-- WHAT IS EXPECTED --
Set down the data below once more, precisely as it reads.

-- Saved entries --

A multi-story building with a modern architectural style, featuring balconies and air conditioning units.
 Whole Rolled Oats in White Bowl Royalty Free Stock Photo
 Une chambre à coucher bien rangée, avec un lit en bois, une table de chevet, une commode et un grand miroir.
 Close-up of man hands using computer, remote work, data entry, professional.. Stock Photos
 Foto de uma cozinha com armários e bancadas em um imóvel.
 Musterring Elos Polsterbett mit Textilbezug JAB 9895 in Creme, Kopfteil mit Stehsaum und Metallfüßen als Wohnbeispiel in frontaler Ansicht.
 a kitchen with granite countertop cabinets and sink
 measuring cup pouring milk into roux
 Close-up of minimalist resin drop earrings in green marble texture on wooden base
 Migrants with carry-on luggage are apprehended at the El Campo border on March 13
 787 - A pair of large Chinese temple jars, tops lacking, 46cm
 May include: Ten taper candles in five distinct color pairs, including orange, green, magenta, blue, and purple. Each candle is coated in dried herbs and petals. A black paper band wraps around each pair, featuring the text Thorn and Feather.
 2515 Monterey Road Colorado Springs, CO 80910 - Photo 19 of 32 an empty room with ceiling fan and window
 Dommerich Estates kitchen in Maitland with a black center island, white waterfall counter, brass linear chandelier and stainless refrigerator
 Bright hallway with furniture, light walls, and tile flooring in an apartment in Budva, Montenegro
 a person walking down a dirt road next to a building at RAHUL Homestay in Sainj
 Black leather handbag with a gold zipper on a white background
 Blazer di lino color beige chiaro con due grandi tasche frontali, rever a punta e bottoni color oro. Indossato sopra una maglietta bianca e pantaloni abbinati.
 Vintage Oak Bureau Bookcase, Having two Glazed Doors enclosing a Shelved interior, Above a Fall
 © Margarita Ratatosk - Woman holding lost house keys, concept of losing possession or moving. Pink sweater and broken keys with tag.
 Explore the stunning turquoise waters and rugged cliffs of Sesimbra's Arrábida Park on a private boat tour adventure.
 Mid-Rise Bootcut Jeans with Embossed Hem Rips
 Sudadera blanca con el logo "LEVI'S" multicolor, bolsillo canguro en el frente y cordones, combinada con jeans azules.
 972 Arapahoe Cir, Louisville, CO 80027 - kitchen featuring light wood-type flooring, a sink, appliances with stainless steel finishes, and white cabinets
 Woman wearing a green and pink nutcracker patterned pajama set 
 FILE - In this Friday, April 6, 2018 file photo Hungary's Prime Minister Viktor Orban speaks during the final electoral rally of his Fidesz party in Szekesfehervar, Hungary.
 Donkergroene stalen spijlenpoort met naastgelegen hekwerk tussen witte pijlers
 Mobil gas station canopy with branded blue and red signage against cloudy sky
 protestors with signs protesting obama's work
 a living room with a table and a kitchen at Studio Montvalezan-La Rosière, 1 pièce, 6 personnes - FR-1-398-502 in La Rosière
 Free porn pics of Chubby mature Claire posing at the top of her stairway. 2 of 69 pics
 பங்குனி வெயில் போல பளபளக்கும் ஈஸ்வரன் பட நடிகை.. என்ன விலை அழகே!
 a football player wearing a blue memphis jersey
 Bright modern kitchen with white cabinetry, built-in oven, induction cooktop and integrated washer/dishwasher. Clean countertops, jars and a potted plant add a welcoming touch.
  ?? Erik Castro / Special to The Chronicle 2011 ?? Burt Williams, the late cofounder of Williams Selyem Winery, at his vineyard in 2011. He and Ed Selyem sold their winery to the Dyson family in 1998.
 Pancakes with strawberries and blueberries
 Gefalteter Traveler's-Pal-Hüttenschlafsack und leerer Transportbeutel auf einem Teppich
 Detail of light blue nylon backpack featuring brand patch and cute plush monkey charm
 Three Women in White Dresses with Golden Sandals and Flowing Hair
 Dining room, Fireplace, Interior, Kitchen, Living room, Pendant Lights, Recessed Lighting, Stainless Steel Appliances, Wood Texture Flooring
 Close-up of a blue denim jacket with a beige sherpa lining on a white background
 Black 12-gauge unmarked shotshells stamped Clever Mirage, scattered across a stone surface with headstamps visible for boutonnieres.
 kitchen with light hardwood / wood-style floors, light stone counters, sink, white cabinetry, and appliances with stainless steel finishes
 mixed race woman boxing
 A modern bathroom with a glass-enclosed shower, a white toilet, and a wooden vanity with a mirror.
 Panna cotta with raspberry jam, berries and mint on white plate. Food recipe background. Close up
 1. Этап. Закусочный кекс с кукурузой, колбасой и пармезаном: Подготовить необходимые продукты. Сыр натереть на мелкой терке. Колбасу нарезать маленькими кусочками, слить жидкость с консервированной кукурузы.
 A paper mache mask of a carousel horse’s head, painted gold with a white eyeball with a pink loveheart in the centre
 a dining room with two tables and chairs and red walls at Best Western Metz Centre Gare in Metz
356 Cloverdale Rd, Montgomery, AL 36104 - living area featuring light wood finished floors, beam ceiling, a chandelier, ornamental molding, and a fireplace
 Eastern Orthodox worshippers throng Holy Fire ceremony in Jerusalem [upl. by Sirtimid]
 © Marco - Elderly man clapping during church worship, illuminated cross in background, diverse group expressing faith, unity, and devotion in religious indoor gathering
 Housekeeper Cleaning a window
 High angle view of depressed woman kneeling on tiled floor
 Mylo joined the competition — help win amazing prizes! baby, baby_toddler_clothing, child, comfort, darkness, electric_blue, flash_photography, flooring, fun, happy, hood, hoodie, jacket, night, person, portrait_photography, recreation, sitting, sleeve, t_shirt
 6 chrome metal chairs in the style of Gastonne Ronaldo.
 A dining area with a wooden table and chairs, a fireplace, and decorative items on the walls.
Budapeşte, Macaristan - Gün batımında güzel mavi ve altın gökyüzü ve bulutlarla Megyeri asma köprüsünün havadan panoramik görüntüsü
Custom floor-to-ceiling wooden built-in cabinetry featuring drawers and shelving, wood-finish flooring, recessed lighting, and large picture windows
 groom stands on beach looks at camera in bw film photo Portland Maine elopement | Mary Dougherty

-- REPLY TO THE TASK --
A multi-story building with a modern architectural style, featuring balconies and air conditioning units.
 Whole Rolled Oats in White Bowl Royalty Free Stock Photo
 Une chambre à coucher bien rangée, avec un lit en bois, une table de chevet, une commode et un grand miroir.
 Close-up of man hands using computer, remote work, data entry, professional.. Stock Photos
 Foto de uma cozinha com armários e bancadas em um imóvel.
 Musterring Elos Polsterbett mit Textilbezug JAB 9895 in Creme, Kopfteil mit Stehsaum und Metallfüßen als Wohnbeispiel in frontaler Ansicht.
 a kitchen with granite countertop cabinets and sink
 measuring cup pouring milk into roux
 Close-up of minimalist resin drop earrings in green marble texture on wooden base
 Migrants with carry-on luggage are apprehended at the El Campo border on March 13
 787 - A pair of large Chinese temple jars, tops lacking, 46cm
 May include: Ten taper candles in five distinct color pairs, including orange, green, magenta, blue, and purple. Each candle is coated in dried herbs and petals. A black paper band wraps around each pair, featuring the text Thorn and Feather.
 2515 Monterey Road Colorado Springs, CO 80910 - Photo 19 of 32 an empty room with ceiling fan and window
 Dommerich Estates kitchen in Maitland with a black center island, white waterfall counter, brass linear chandelier and stainless refrigerator
 Bright hallway with furniture, light walls, and tile flooring in an apartment in Budva, Montenegro
 a person walking down a dirt road next to a building at RAHUL Homestay in Sainj
 Black leather handbag with a gold zipper on a white background
 Blazer di lino color beige chiaro con due grandi tasche frontali, rever a punta e bottoni color oro. Indossato sopra una maglietta bianca e pantaloni abbinati.
 Vintage Oak Bureau Bookcase, Having two Glazed Doors enclosing a Shelved interior, Above a Fall
 © Margarita Ratatosk - Woman holding lost house keys, concept of losing possession or moving. Pink sweater and broken keys with tag.
 Explore the stunning turquoise waters and rugged cliffs of Sesimbra's Arrábida Park on a private boat tour adventure.
 Mid-Rise Bootcut Jeans with Embossed Hem Rips
 Sudadera blanca con el logo "LEVI'S" multicolor, bolsillo canguro en el frente y cordones, combinada con jeans azules.
 972 Arapahoe Cir, Louisville, CO 80027 - kitchen featuring light wood-type flooring, a sink, appliances with stainless steel finishes, and white cabinets
 Woman wearing a green and pink nutcracker patterned pajama set 
 FILE - In this Friday, April 6, 2018 file photo Hungary's Prime Minister Viktor Orban speaks during the final electoral rally of his Fidesz party in Szekesfehervar, Hungary.
 Donkergroene stalen spijlenpoort met naastgelegen hekwerk tussen witte pijlers
 Mobil gas station canopy with branded blue and red signage against cloudy sky
 protestors with signs protesting obama's work
 a living room with a table and a kitchen at Studio Montvalezan-La Rosière, 1 pièce, 6 personnes - FR-1-398-502 in La Rosière
 Free porn pics of Chubby mature Claire posing at the top of her stairway. 2 of 69 pics
 பங்குனி வெயில் போல பளபளக்கும் ஈஸ்வரன் பட நடிகை.. என்ன விலை அழகே!
 a football player wearing a blue memphis jersey
 Bright modern kitchen with white cabinetry, built-in oven, induction cooktop and integrated washer/dishwasher. Clean countertops, jars and a potted plant add a welcoming touch.
  ?? Erik Castro / Special to The Chronicle 2011 ?? Burt Williams, the late cofounder of Williams Selyem Winery, at his vineyard in 2011. He and Ed Selyem sold their winery to the Dyson family in 1998.
 Pancakes with strawberries and blueberries
 Gefalteter Traveler's-Pal-Hüttenschlafsack und leerer Transportbeutel auf einem Teppich
 Detail of light blue nylon backpack featuring brand patch and cute plush monkey charm
 Three Women in White Dresses with Golden Sandals and Flowing Hair
 Dining room, Fireplace, Interior, Kitchen, Living room, Pendant Lights, Recessed Lighting, Stainless Steel Appliances, Wood Texture Flooring
 Close-up of a blue denim jacket with a beige sherpa lining on a white background
 Black 12-gauge unmarked shotshells stamped Clever Mirage, scattered across a stone surface with headstamps visible for boutonnieres.
 kitchen with light hardwood / wood-style floors, light stone counters, sink, white cabinetry, and appliances with stainless steel finishes
 mixed race woman boxing
 A modern bathroom with a glass-enclosed shower, a white toilet, and a wooden vanity with a mirror.
 Panna cotta with raspberry jam, berries and mint on white plate. Food recipe background. Close up
 1. Этап. Закусочный кекс с кукурузой, колбасой и пармезаном: Подготовить необходимые продукты. Сыр натереть на мелкой терке. Колбасу нарезать маленькими кусочками, слить жидкость с консервированной кукурузы.
 A paper mache mask of a carousel horse’s head, painted gold with a white eyeball with a pink loveheart in the centre
 a dining room with two tables and chairs and red walls at Best Western Metz Centre Gare in Metz
356 Cloverdale Rd, Montgomery, AL 36104 - living area featuring light wood finished floors, beam ceiling, a chandelier, ornamental molding, and a fireplace
 Eastern Orthodox worshippers throng Holy Fire ceremony in Jerusalem [upl. by Sirtimid]
 © Marco - Elderly man clapping during church worship, illuminated cross in background, diverse group expressing faith, unity, and devotion in religious indoor gathering
 Housekeeper Cleaning a window
 High angle view of depressed woman kneeling on tiled floor
 Mylo joined the competition — help win amazing prizes! baby, baby_toddler_clothing, child, comfort, darkness, electric_blue, flash_photography, flooring, fun, happy, hood, hoodie, jacket, night, person, portrait_photography, recreation, sitting, sleeve, t_shirt
 6 chrome metal chairs in the style of Gastonne Ronaldo.
 A dining area with a wooden table and chairs, a fireplace, and decorative items on the walls.
Budapeşte, Macaristan - Gün batımında güzel mavi ve altın gökyüzü ve bulutlarla Megyeri asma köprüsünün havadan panoramik görüntüsü
Custom floor-to-ceiling wooden built-in cabinetry featuring drawers and shelving, wood-finish flooring, recessed lighting, and large picture windows
 groom stands on beach looks at camera in bw film photo Portland Maine elopement | Mary Dougherty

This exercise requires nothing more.